What I'm mulling over now is how to, or whether to support fallible translations. This is tempting because I want to support IUPAC to amino acid sequences. A lot of the triples of iupac ambiguity codes unambiguously represent amino acids (and vice-versa!) so we'd be able to get rust's type system to cover some error prone uses.
The goal is that this library could be something someone uses to implement a tool like FACIL or Codetta in rust.

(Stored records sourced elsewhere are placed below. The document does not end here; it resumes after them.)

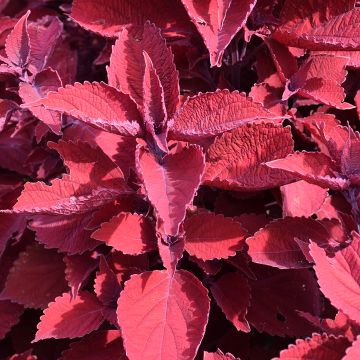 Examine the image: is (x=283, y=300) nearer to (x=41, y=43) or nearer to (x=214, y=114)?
(x=214, y=114)

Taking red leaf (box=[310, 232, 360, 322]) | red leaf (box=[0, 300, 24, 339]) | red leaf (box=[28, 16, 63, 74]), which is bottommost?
red leaf (box=[0, 300, 24, 339])

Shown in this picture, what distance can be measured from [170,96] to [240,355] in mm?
534

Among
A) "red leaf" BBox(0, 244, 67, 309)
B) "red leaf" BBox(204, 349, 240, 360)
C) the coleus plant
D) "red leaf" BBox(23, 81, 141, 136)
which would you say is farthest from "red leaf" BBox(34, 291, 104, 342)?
"red leaf" BBox(23, 81, 141, 136)

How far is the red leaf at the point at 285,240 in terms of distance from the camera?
Answer: 98cm

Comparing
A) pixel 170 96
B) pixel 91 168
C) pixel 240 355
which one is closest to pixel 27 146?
pixel 91 168

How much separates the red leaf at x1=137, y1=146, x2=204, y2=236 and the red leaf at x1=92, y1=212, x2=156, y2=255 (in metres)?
0.11

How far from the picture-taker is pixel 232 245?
3.27 feet

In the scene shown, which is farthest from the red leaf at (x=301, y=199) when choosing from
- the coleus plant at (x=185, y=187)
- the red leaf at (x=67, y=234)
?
the red leaf at (x=67, y=234)

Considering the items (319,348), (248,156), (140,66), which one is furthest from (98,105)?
(319,348)

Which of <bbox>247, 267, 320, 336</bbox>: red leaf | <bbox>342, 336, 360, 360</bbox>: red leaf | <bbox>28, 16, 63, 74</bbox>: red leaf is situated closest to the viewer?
<bbox>342, 336, 360, 360</bbox>: red leaf

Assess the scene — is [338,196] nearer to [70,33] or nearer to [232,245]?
[232,245]

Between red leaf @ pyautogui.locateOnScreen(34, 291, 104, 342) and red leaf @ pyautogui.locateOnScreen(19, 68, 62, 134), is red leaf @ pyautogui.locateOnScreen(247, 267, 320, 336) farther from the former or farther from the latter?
red leaf @ pyautogui.locateOnScreen(19, 68, 62, 134)

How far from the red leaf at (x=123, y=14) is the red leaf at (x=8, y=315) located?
0.58 m

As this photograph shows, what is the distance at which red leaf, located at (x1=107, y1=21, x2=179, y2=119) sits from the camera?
993 mm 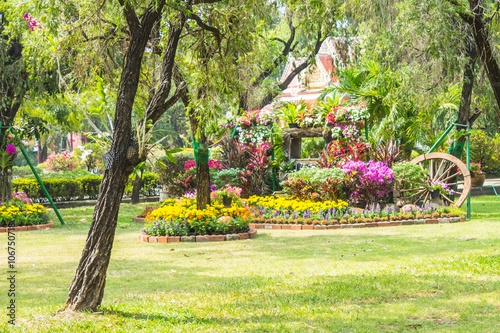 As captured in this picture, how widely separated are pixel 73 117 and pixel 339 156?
29.2ft

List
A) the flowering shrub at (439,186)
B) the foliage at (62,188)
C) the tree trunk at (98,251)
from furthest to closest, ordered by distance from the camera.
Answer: the foliage at (62,188) → the flowering shrub at (439,186) → the tree trunk at (98,251)

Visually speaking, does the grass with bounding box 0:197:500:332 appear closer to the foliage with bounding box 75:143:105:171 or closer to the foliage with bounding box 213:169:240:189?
the foliage with bounding box 213:169:240:189

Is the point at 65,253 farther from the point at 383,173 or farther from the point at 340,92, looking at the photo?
the point at 340,92

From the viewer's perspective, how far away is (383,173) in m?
12.6

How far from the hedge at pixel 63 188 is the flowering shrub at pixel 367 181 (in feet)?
31.5

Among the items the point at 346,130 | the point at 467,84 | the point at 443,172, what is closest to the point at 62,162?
the point at 346,130

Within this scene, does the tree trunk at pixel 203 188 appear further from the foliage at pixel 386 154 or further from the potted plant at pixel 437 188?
the potted plant at pixel 437 188

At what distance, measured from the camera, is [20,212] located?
13203 mm

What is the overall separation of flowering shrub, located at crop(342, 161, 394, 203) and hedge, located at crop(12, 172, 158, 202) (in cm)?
959

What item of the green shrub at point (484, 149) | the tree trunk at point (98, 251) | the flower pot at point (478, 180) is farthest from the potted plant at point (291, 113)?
the tree trunk at point (98, 251)

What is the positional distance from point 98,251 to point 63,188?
16831mm

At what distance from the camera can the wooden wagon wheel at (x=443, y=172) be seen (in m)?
13.1

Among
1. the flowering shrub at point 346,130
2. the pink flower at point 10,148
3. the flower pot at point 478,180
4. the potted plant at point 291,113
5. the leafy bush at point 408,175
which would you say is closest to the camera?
the leafy bush at point 408,175

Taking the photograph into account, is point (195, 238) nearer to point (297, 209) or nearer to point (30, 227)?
point (297, 209) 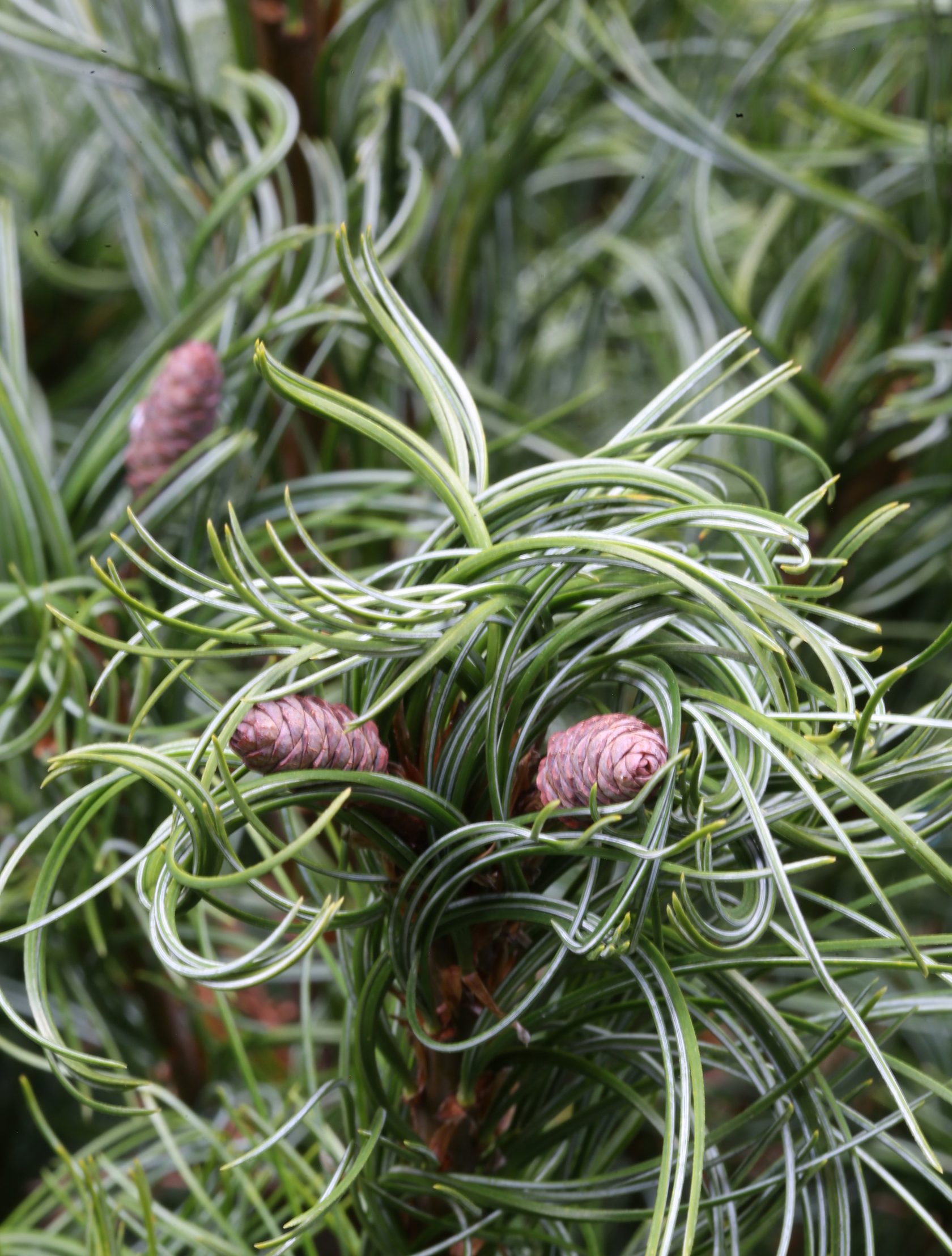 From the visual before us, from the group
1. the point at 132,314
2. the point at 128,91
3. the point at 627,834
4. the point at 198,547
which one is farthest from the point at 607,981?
the point at 132,314

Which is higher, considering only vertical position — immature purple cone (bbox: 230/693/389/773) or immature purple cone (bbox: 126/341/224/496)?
immature purple cone (bbox: 126/341/224/496)

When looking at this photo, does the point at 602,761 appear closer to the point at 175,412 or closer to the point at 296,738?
the point at 296,738

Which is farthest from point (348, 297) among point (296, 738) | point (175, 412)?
point (296, 738)

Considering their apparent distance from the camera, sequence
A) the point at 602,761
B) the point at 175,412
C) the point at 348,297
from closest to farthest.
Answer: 1. the point at 602,761
2. the point at 175,412
3. the point at 348,297

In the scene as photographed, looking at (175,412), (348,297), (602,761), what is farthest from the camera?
(348,297)

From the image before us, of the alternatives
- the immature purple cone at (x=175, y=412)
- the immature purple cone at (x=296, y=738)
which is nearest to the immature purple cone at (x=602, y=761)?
the immature purple cone at (x=296, y=738)

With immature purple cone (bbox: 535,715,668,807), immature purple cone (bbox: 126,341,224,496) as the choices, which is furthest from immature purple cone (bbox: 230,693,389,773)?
immature purple cone (bbox: 126,341,224,496)

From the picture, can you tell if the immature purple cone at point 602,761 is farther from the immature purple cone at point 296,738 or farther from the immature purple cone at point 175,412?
the immature purple cone at point 175,412

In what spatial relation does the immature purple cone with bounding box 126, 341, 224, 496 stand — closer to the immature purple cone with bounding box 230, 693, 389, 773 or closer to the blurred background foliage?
the blurred background foliage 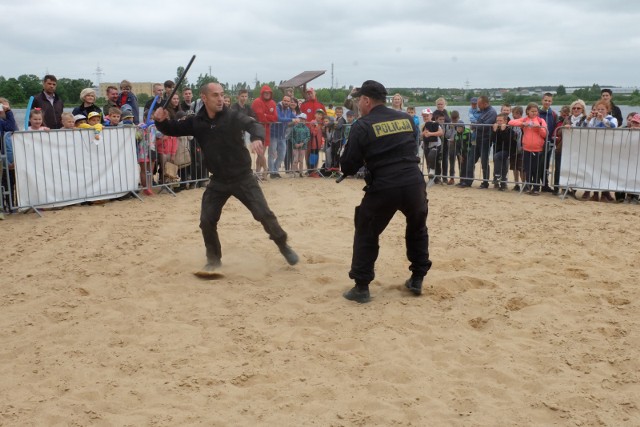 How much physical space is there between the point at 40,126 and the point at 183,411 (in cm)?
726

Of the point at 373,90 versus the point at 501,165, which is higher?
the point at 373,90

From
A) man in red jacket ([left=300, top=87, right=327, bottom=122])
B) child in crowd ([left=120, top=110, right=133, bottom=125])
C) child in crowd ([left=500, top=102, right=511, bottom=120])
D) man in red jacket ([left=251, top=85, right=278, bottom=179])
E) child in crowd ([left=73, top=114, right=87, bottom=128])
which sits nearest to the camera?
child in crowd ([left=73, top=114, right=87, bottom=128])

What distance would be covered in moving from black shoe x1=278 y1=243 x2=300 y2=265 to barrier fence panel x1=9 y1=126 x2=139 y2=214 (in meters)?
4.56

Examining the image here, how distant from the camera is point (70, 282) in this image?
6438 millimetres

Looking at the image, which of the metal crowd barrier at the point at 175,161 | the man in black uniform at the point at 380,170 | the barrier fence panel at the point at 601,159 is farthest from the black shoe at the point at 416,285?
the barrier fence panel at the point at 601,159

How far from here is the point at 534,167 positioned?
11.7 metres

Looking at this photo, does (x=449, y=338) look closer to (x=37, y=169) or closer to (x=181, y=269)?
A: (x=181, y=269)

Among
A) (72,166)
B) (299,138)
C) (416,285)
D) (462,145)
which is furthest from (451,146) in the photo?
(416,285)

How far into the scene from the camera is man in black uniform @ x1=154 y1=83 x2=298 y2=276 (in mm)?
6348

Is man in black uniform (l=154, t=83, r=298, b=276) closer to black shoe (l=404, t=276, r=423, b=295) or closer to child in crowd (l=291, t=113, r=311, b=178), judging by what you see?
black shoe (l=404, t=276, r=423, b=295)

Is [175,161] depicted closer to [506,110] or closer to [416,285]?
[506,110]

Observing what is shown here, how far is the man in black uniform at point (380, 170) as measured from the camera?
5609 millimetres

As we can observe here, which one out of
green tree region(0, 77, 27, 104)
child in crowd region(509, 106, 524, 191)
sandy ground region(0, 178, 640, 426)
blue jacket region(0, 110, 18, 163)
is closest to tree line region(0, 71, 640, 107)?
green tree region(0, 77, 27, 104)

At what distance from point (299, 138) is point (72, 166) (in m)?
4.85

I'm somewhat satisfied with this for now. There are details at the bottom of the README now, and lots of test cases in the translation module:
pub trait TranslationTable<A: Codec, B: Codec> {
fn to_amino(&self, codon: &SeqSlice<A>) -> B;
fn to_codon(&self, amino: B) -> Result<Seq<A>, TranslationError>;
}
/// A partial translation table where not all triples of characters map to amino acids
pub trait PartialTranslationTable<A: Codec, B: Codec> {
fn try_to_amino(&self, codon: &SeqSlice<A>) -> Result<B, TranslationError>;
fn try_to_codon(&self, amino: B) -> Result<Seq<A>, TranslationError>;
}
The standard genetic code is provided in the translation::standard
module:
use crate::prelude::*;
use crate::translation::standard::STANDARD;
use crate::translation::TranslationTable;
let seq: Seq<Dna> =
dna!("AATTTGTGGGTTCGTCTGCGGCTCCGCCCTTAGTACTATGAGGACGATCAGCACCATAAGAACAAA");
let aminos: Seq<Amino> = seq
.windows(3)
.map(|codon| STANDARD.to_amino(&codon))
.collect::<Seq<Amino>>();
assert_eq!(
aminos,
amino!("NIFLCVWGGVFSRVSLCARGALSPRAPPLL*SVYTLYM*ERGDTRDISQSAHTPHI*KRENTQK")
);
Instantiate a custom translation table from a type that implements Into<HashMap<Seq<A>, B>>
:
let codon_mapping: [(Seq<Dna>, Amino); 6] = [
(dna!("AAA"), Amino::A),
(dna!("ATG"), Amino::A),
(dna!("CCC"), Amino::C),
(dna!("GGG"), Amino::E),
(dna!("TTT"), Amino::D),
(dna!("TTA"), Amino::F),
];
let table = CodonTable::from_map(codon_mapping);
let seq: Seq<Dna> = dna!("AAACCCGGGTTTTTATTAATG");
let mut amino_seq: Seq<Amino> = Seq::new();
for codon in seq.chunks(3) {
amino_seq.push(table.try_to_amino(codon).unwrap());
}
assert_eq!(amino_seq, amino!("ACEDFFA"));
Implementing the TranslationTable
trait directly:
struct Mitochondria;
impl TranslationTable<Dna, Amino> for Mitochondria {
fn to_amino(&self, codon: &SeqSlice<Dna>) -> Amino {
if *codon == dna!("AGA") {
Amino::X
} else if *codon == dna!("AGG") {
Amino::X
} else if *codon == dna!("ATA") {
Amino::M
} else if *codon == dna!("TGA") {
Amino::W
} else {
Amino::unsafe_from_bits(Into::<u8>::into(codon))
}
}
fn to_codon(&self, _amino: Amino) -> Result<Seq<Dna>, TranslationError> {
unimplemented!()
}
}
I've been looking all over for a Rust library that supports multiple genetic codes. This library seems to be the best translation library, so I hope this is on your radar. Thanks!